State Highway One is a disturbing read. Gripping, though. As fast paced as the car roaring down those familiar NZ roads at death defying speed with the deranged, drunk, sleepless boy at the wheel and his harpy twin sister lighting his cigarettes and talking in his ear. He loses her occasionally but she always finds him again. Weird, that.
They’re both selfish, unlikable kids. They’re made that way by their selfish, unlikable parents who are Auckland mega-celebs: rich movie moguls who trot the globe and abandon their kids in the swanky party pad to finish their private schooling free-range. Do people like this really exist? Feels very LA, but perhaps Auckland is heading that way and growing a generation of rich, entitled brats.
So Alex, now 21, is called home after the fatal car crash that sets the story in motion. He has run away from his insufferable home life (the rich have the same problems as everyone else: family relationships, unrequited love, sexuality issues) and lands a high paying job in Dubai. We flash back there occasionally to see his problems have travelled with him. Other past memories give a bit of of coming-of-age feel to the story and make this the kind of book that would race around a classroom of adolescents, though the glorification of excessively stupid behaviour makes me uneasy.
The novel starts at high speed: Alex and his sister gunning up State Highway One to the top of the island, smoking and bitching.
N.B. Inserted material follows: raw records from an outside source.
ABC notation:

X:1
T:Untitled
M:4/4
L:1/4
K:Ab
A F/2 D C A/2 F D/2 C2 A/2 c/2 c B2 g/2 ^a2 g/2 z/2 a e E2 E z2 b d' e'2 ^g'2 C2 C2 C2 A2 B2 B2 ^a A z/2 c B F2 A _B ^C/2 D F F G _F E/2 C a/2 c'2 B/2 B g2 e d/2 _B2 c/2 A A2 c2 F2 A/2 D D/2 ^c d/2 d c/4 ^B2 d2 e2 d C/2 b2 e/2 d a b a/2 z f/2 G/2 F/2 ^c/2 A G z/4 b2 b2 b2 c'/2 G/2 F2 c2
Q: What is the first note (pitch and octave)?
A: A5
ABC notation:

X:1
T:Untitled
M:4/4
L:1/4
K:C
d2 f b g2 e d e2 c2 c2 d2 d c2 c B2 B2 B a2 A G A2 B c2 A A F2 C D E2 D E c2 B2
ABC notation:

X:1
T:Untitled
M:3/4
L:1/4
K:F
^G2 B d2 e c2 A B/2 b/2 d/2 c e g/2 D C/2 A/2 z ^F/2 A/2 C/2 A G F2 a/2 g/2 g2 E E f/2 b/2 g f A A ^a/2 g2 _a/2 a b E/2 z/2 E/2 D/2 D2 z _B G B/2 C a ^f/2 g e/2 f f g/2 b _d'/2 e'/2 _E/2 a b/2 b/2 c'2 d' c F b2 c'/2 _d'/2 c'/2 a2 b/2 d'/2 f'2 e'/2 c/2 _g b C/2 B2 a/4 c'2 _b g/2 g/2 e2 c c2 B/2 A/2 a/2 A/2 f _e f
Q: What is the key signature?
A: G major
At Cape Reinga, where the spirits leave this land, they say good bye to their parents. Alex looks at a pohutukawa tree and contemplates suicide but his sister, Amy talks him out of it. She’s the boss. She’s always been the boss.
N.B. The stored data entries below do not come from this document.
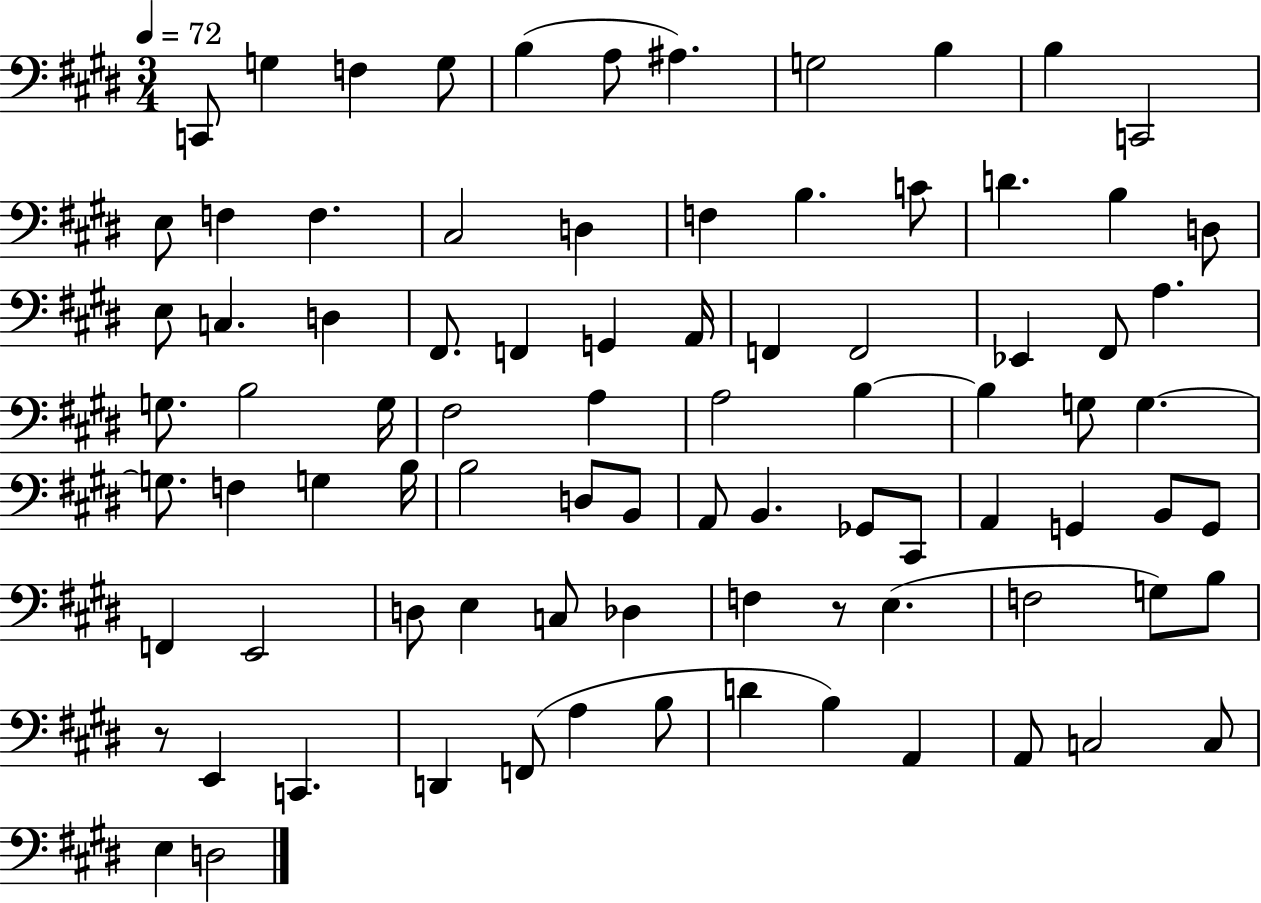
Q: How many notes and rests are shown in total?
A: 86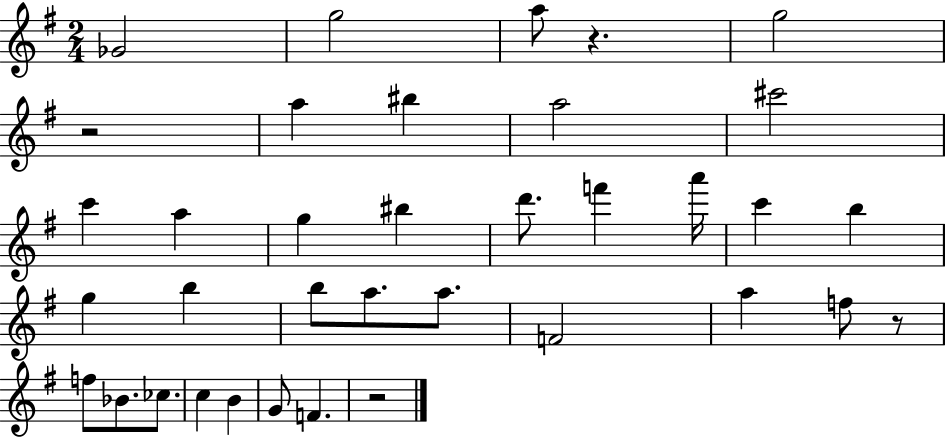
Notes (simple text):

Gb4/h G5/h A5/e R/q. G5/h R/h A5/q BIS5/q A5/h C#6/h C6/q A5/q G5/q BIS5/q D6/e. F6/q A6/s C6/q B5/q G5/q B5/q B5/e A5/e. A5/e. F4/h A5/q F5/e R/e F5/e Bb4/e. CES5/e. C5/q B4/q G4/e F4/q. R/h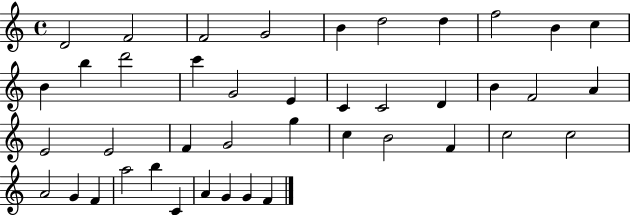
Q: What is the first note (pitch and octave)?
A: D4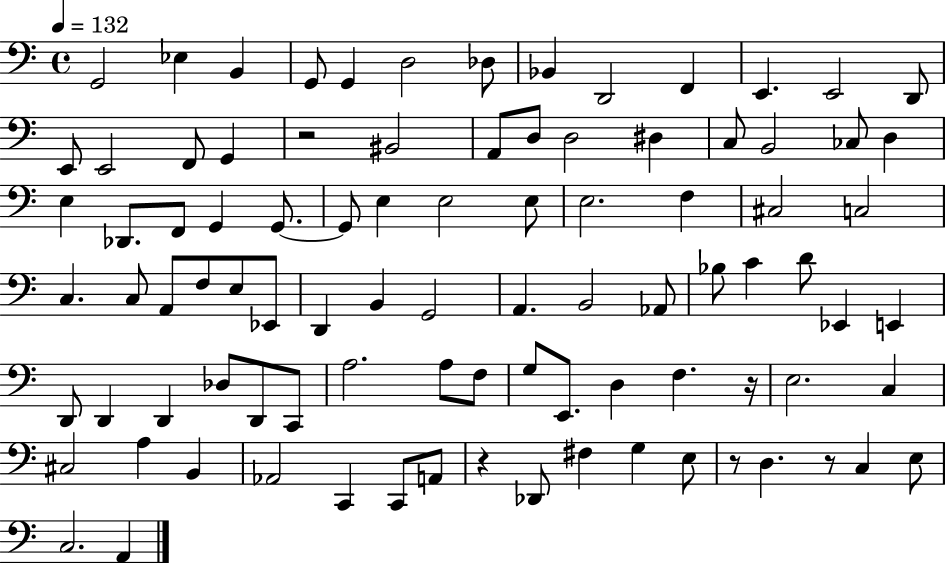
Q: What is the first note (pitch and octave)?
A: G2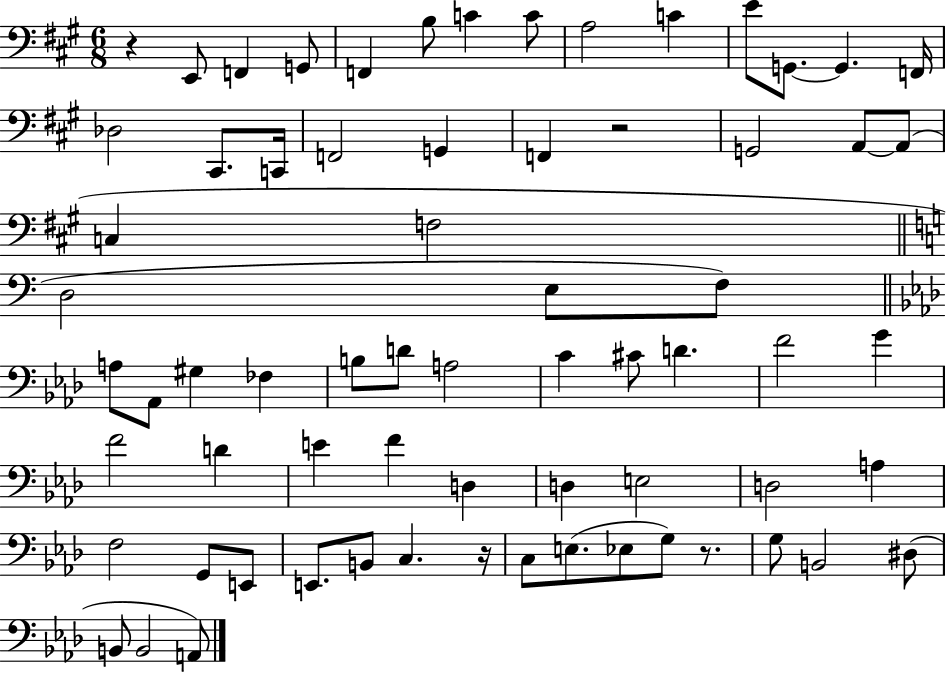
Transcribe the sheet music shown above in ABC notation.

X:1
T:Untitled
M:6/8
L:1/4
K:A
z E,,/2 F,, G,,/2 F,, B,/2 C C/2 A,2 C E/2 G,,/2 G,, F,,/4 _D,2 ^C,,/2 C,,/4 F,,2 G,, F,, z2 G,,2 A,,/2 A,,/2 C, F,2 D,2 E,/2 F,/2 A,/2 _A,,/2 ^G, _F, B,/2 D/2 A,2 C ^C/2 D F2 G F2 D E F D, D, E,2 D,2 A, F,2 G,,/2 E,,/2 E,,/2 B,,/2 C, z/4 C,/2 E,/2 _E,/2 G,/2 z/2 G,/2 B,,2 ^D,/2 B,,/2 B,,2 A,,/2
So it is when they get back to Auckland, Amy tells him to keep on driving. She wants to go all the way to the bottom of the country, to see Antarctica from the southern tip of Stewart Island (the kids aren’t hot on geography outside of Auckland and my inner geo-nerd suggests Coley’s also not as familiar with State Highway One as he might be).
This could be a cathartic roadie where the twins work through all their rage and hostility. Twins are meant to have this kind of bond, a magic empathy, right? Not these two. They are selfish and soulless and stupid for day after day. Amy goads Alex until his misses his flight back to Dubai, the car falls to pieces, he drives and drives in a condition that could easily kill them both and anyone else they meet on the road. Alex, in turn, thinks nothing of letting his sister walk off down some remote road to fend for herself. He abandons her in a hotel in Wellington. Dumps her when the car breaks down. These are flawed, narcissistic kids.
I developed scowl lines on my face reading State Highway One. Even when I clued in to what was going on I found it hard to sympathise with the way Alex works through his emotional problems.
But like Alex on his mission, this is a fast paced story and it’s hard to stop reading until you reach the very end. The book left me unbalanced, with a kind of upsetting feeling that I missed something I could have done and a general pissed-off-ness with youth that I seldom feel. That sort of emotional engagement is the sign of a good novel, though not necessarily an enjoyable read.